The Respondent has subsequently sought to file three further supplemental submissions. The submissions are dated September 23, 2002, October 9, 2002, and October 10, 2002. The first of these submissions is a matter with which the Respondent could have dealt at the time of filing the original Response. The second concerns a matter, which only came to light on October 5, 2002. The third concerns a matter which could have come to the attention of the Respondent earlier, but the Panel accepts that it did not do so and that it raises a matter of significant importance in the context of the claim of Reverse Domain Hijacking (see below). The Panel declines to admit the first of these submissions, but admits the other two on the basis that it would be manifestly unjust not to do so.
The Panel nonetheless regarded it as important that the Complainant should have an opportunity to respond to the Respondent’s supplemental submissions dated October 9 and 10, 2002, and issued the Procedural Order a copy of which is appended to this decision.
While the Complainant acknowledged receipt of the Procedural Order, no Response has been received (in time or at all).
The Panel was properly constituted. The undersigned Panelists submitted Statements of Acceptance and Declarations of Impartiality and Independence.
No further submissions were received by WIPO or the Panel, as a consequence of which the date finally scheduled for the Panel’s Decision is November 27, 2002.
4. Factual Background
The Complainant is Her Majesty The Queen, in right of her Government in New Zealand, as Trustee for the Citizens, Organizations and State of New Zealand, acting by and through the Honourable Jim Sutton, the Associate Minister of Foreign Affairs and Trade. New Zealand is an Independent Constitutional Monarchy (the Complainant is its Head of State) situated in the South Pacific Ocean.
The Respondent is Virtual Countries, Inc, a company based in Seattle, USA. It registered the Domain Name in 1996, and has for several years been operating a website containing information about New Zealand at "www.newzealand.com".
The Respondent is the proprietor of US trademark registration number 2557448 (filing date February 11, 2000) for NEWZEALAND.COM for business advertising.

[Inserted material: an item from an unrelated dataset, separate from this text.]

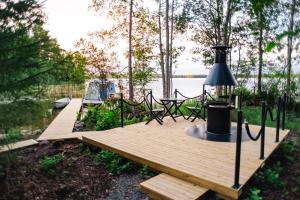 a wooden dock with a picnic table and a lamp at AuroraHut Aurantola in Kouvola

On June 29, 2001, the Complainant filed five trademark applications in New Zealand for the mark NEW ZEALAND in classes 22, 29, 31, 33 and 41.
In the course of 2000 and 2001, the Respondent was in communication with various third parties in relation to transfer of the Domain Name, but there is a dispute as to the nature of some of those communications and who initiated them. Some of those third parties clearly came away with the impression that the Respondent would be willing to transfer the Domain Name in return for a very large sum of money.
5. Parties’ Contentions
A. Complainant
The Complainant’s contentions are conveniently summarised in paragraph 75 of the Complaint which reads as follows:-
"75. The Criteria articulated in clause 4(a) of the Policy have been established:
75.1 The name NEW ZEALAND is a trade and service mark in the hands of the Complainant, as the Head of State of New Zealand. The domain name in dispute is identical with that trademark.
75.2 Virtual Countries has no rights or legitimate interests in respect of the domain name because only the Complainant as Head of the Sovereign State of New Zealand, or its agencies, can have those rights or interests.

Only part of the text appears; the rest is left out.